Suppose we've started creating a new network design with separate pages for both layer two and layer three. Before we work any further on the design, we want to touch it up by adding a title and some revision information in the top corners. We'll put these shapes on a new third page to be used as the background page. Click the Insert Page tab at bottom left next to the existing pages and rename the new page to Background (or whatever you'd prefer to call it).
On the new page, we'll add a simple document title and subtitle to the top left corner and a revision information block to the top right corner. (The revisions table shape can be found under Visio Extras > Title Blocks. Simply add multiple copies of the shape to form a table.)
Next we need to set our new page to serve as a background page for the other two in the drawing. Right-click the Background page tab and select Page Setup. Under the Page Properties tab, set the page type to Background.
Notice that after applying the change, the page tab becomes italicized, indicating that it is now a background page.
Now right-click the first page of the document and select Page Setup. Under the Page Properties tab, set its background page to Background and apply. Repeat this configuration for the second foreground page as well.
Notice that the title and revisions block from the background page now appear on both of the foreground pages.
Background shapes cannot be selected or modified while editing a foreground page. This ensures that we don't accidentally modify the background layout while working on the foreground. This behavior makes background pages useful for keeping ancillary shapes out of the way even in documents with only a single foreground page.
Background pages can be nested to multiple levels.
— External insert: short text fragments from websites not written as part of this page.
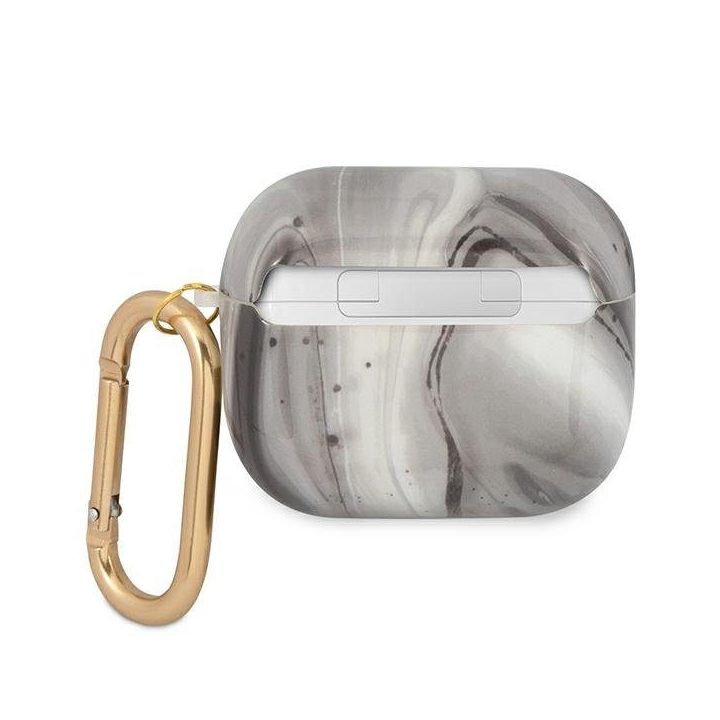 Guess GUA3UNMK AirPods 3 dangtelis juodas/juodas Marmuro kolekcija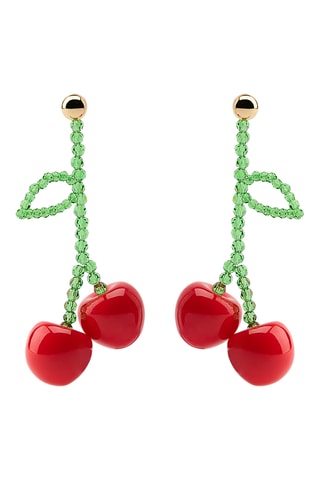 Boucles d’oreilles - Vert et rouge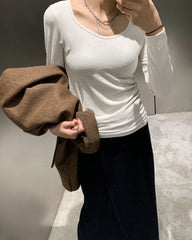 Ensemble de sous-vêtements thermiques brossés pour femme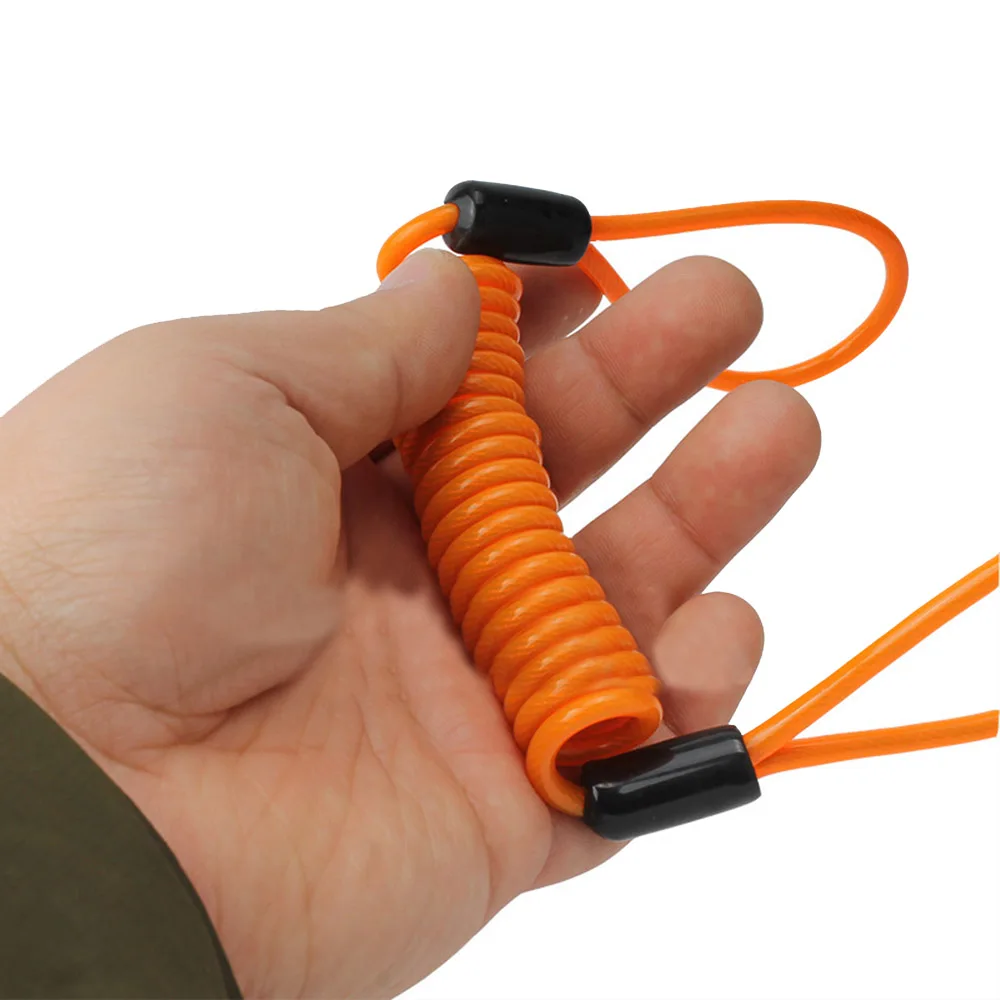 Сигнальный дисковый замок 120 см защита от кражи сумка для дискового тормоза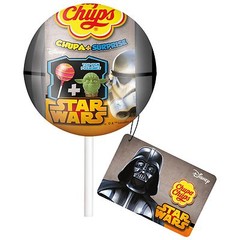 Chupa Chups Chups SURPRISE: Star Wars pop -1ct.-FREE SHIPPING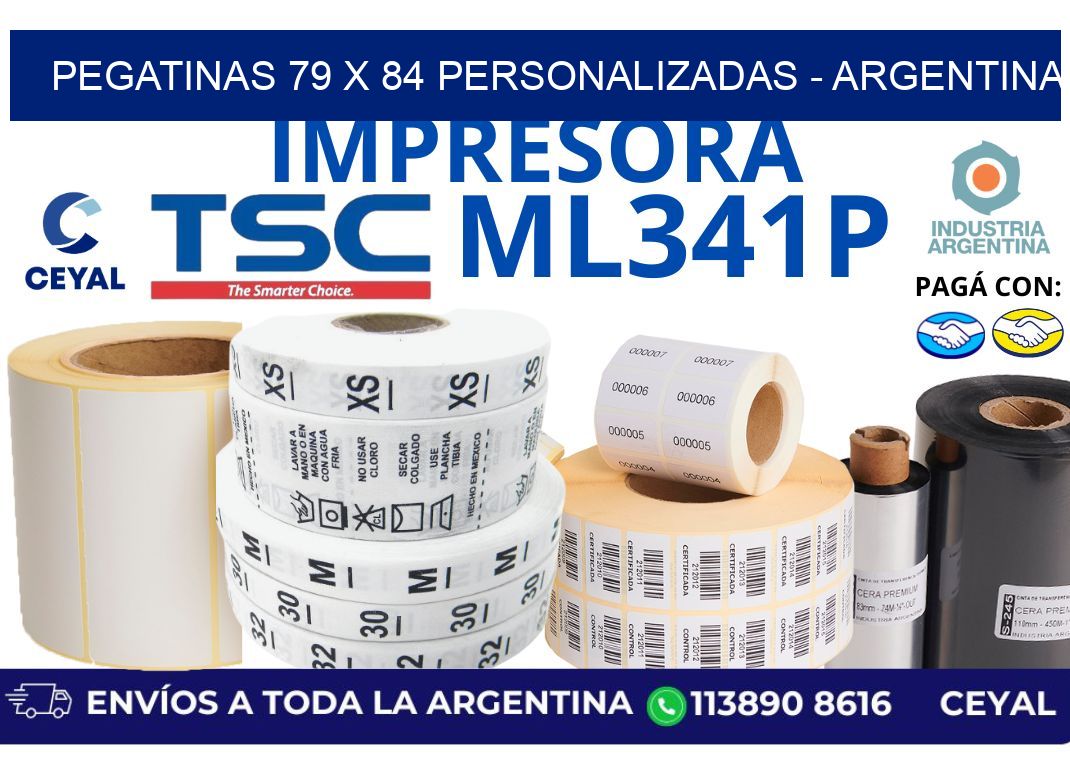 pegatinas 79 x 84 personalizadas - Argentina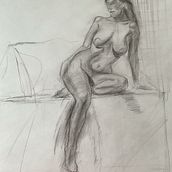 Figure drawing with charcoal . Seni Rupa, Menggambar, Gambar Realistis, Dan Gambar Gambar proyek oleh Victoria Hindle - 08.02.2026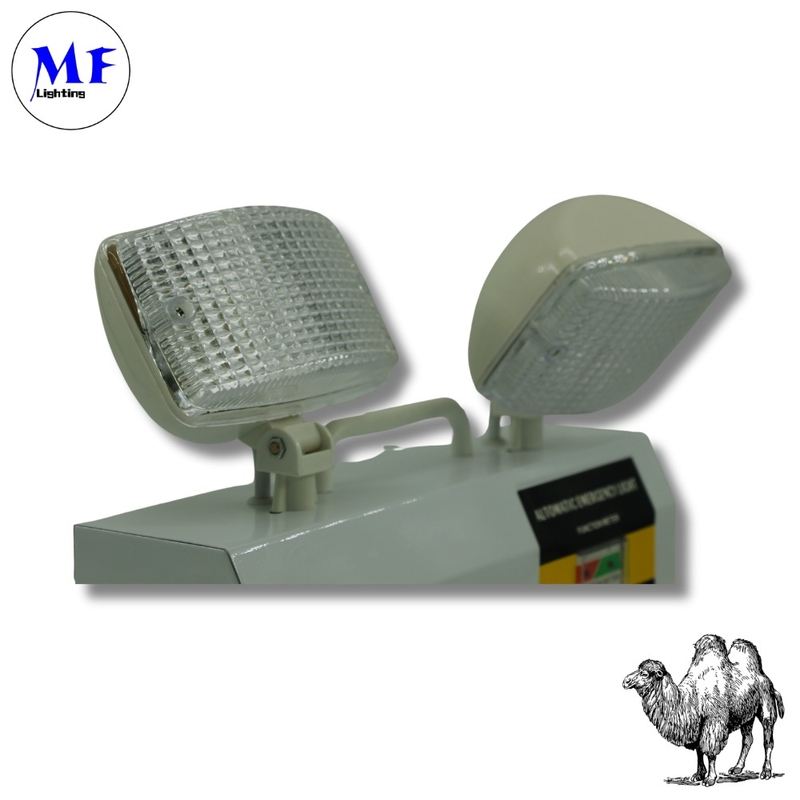 10W Twin Head Emergency Light For Subway Train Station Shopping Mall
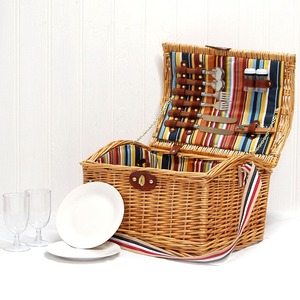 Antigua Casa de Tejido Y Tejido De Mimbre <span class=keywords><strong>Mini</strong></span> Cesta De Mimbre de Picnic - Product Image 1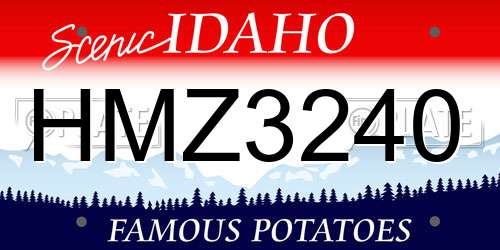 HMZ3240 Idaho License Plate
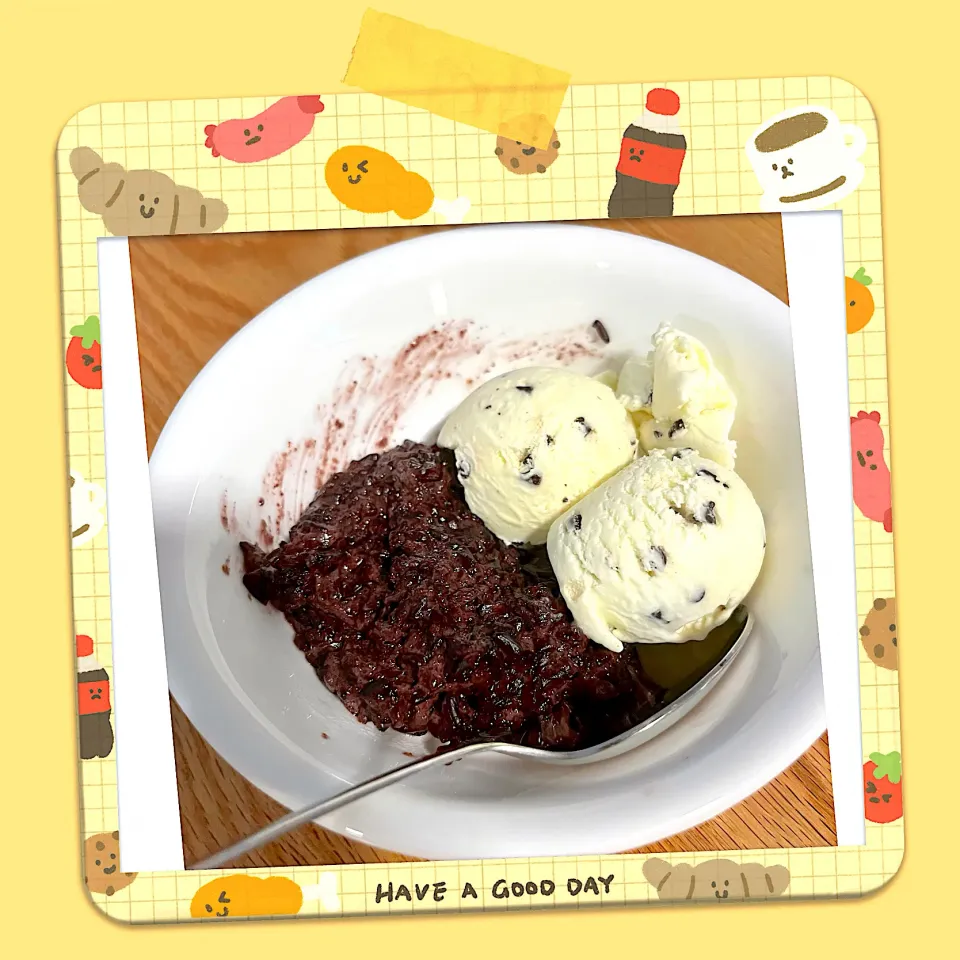 Pulut Hitam with ice cream|Florrieさん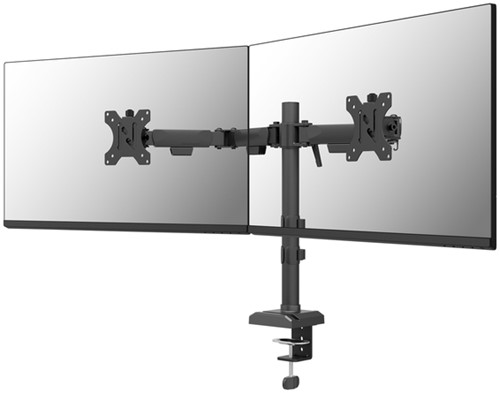 Monitorarm Neomounts NERO 2 schermen DS60 32 inch zwart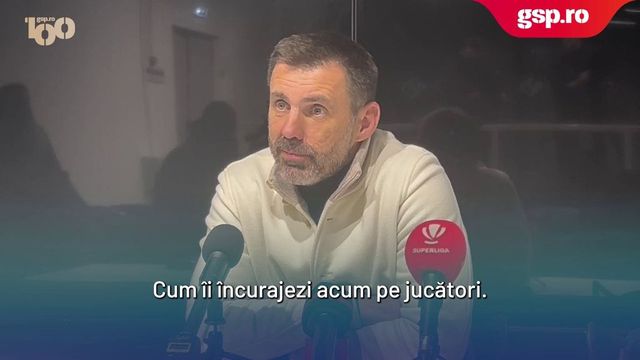 Zeljko Kopic a tras concluziile după remiza cu Sepsi OSK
For example, you might have two foreground pages which have a background page with "Phase 1" information and another two with a background page with "Phase 2" information. Both of these background pages could then share a common base template or graphic background page which would display across all four foreground pages.
Posted in Visio
July 25, 2011 at 2:48 a.m. UTC
Great article. Keep the Visio lessons coming.
July 25, 2011 at 1:29 p.m. UTC
This is great. Have to keep in mind if you want to have portrait and landscape pages that your background is the right dimensions to work on both layouts.
Or have two backgrounds.
July 27, 2011 at 4:35 a.m. UTC
Good article packet life :)
July 27, 2011 at 11:37 p.m. UTC
We actually use the same approach in our company to keep track of the network topology. Same Layer 2, 3 and background pages.
It is kind of a long stretch, but can I ask you to put one example Visio file in the Library. I am really curious what information you like to have and how actually is represented. Ours look terrible and I think it is time to do them again!
November 15, 2011 at 11:01 p.m. UTC
good post and great explanation
November 16, 2011 at 6:04 p.m. UTC
When you place fields on a background page. The information displayed reflects the foreground page it is attached to. So you can place things like Page name and page number on the background and this will reflect these values of the foreground page. Great way for keeping this information in the same position on all pages.
December 6, 2011 at 12:40 a.m. UTC
So we're doing this with great success however when we do the Save to PDF function our backgrounds get dropped out.
January 13, 2012 at 3:31 p.m. UTC
Thanks... and I thought I knew it all... Great tip
July 10, 2015 at 4:47 a.m. UTC
Excellent little tutorial for creating a backgound "title sheet" ... many thanks!